Lookaround
Lookarounds assert that a certain expression matches before or after the current position. As an assertion, a lookaround does not contain any text; it matches between two code points.
Syntax
let Lookaround = LookaroundPrefix Expression;
let LookaroundPrefix =
| '<<'
| '>>';
See Expression.
A lookaround must be wrapped in parentheses if it is followed by another expression:
(>> [word]) [Greek]
Note that a lookaround contains an expression, so it introduces a new scope and can include statements.
Example
(!<< [w])
(>>
disable unicode;
let aw = [w];
aw{3}
)
Support
Support for lookaround is gated by the lookahead
and lookbehind
features. Specify features with
the --allowed-features
option.
Lookahead is supported almost everywhere. Lookbehind support is more limited:
PCRE
PCRE does not support arbitrary-length lookbehind. PCRE must be able to determine the length of
the lookbehind in advance, so << 'foo'{3}
works, but << 'foo'+
does not. PCRE has a special case that a lookbehind containing an alternation works even if the
alternatives have different lengths, but each alternative must be constant-length.
JavaScript
JavaScript fully supports lookahead and lookbehind. However, lookbehind is still unsupported in some older browsers (notably, Safari up to version 16.3).
Java
Before Java 13, repetition in lookbehind was required to be finite, *
and +
did not work.
Since Java 13, repetition can be unbounded, but may not correctly handle repetition with multiple
quantifiers if one of them is unbounded. Lookbehind also may not contain backreferences.
Python
Python supports lookahead and constant-length lookbehind. Repetitions and alternations like
<< 'a' | 'bb'
are forbidden in lookbehind.
Ruby, .NET
Full support for both lookahead and lookbehind
Rust
Lookaround not supported
Behavior
Lookahead checks if the contained expression matches at the current position. If it matches, the lookahead succeeds, otherwise it fails. Lookahead can be negated.

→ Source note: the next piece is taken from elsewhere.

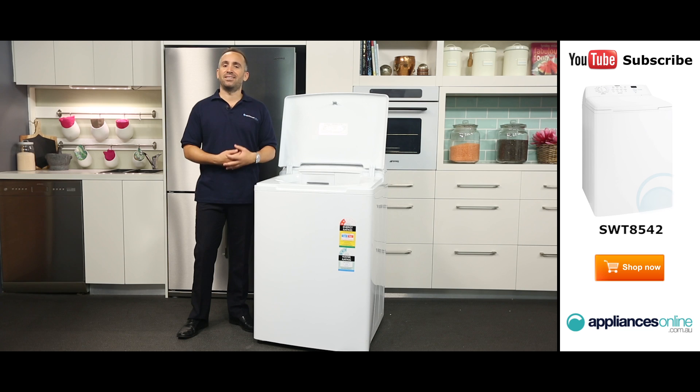If you're wanting a washing machine that's large enough for any big household and has all the great Simpson functions you've come to love, don't look any further than the SWT8542.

A negative lookahead succeeds if the expression does not match. After the lookahead succeeded, the regex engine returns to the position in the string where it was before the lookahead, so the string matching the lookahead is not consumed.

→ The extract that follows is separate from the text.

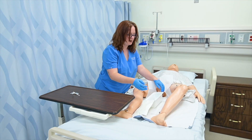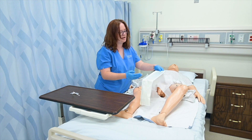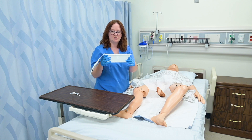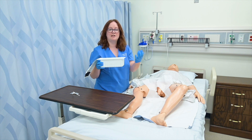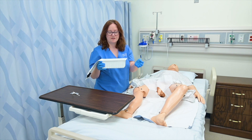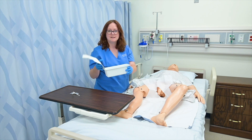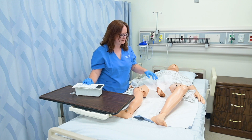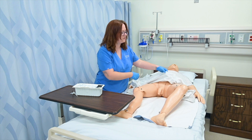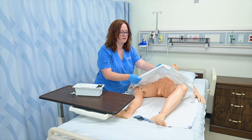When that's done, I now have to make sure that I measure and dispose of this correctly. Most containers have measuring marks on the side. Alternatively, I could dump it into a graduated cylinder or a urinal to measure it more efficiently. Then I would need to waste that urine, discard of this and my other items, and clean and reposition my patient appropriately.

Conceptually, lookbehind works in the same way, except that the expression is matched in reverse direction against the text preceding the current position. In reality, however, many regex engines do not match in reverse direction but go back n characters and check if the next n characters match the lookbehind.
Compilation
>> ...
is compiled to(?=...)
!>> ...
is compiled to(?!...)
<< ...
is compiled to(?<=...)
!<< ...
is compiled to(?<!...)
Issues
The various limitations on lookbehind by different regex engines are not enforced at the moment.
Security concerns
Lookbehind can be slow in some regex engines.
History
Initial implementation in Pomsky 0.1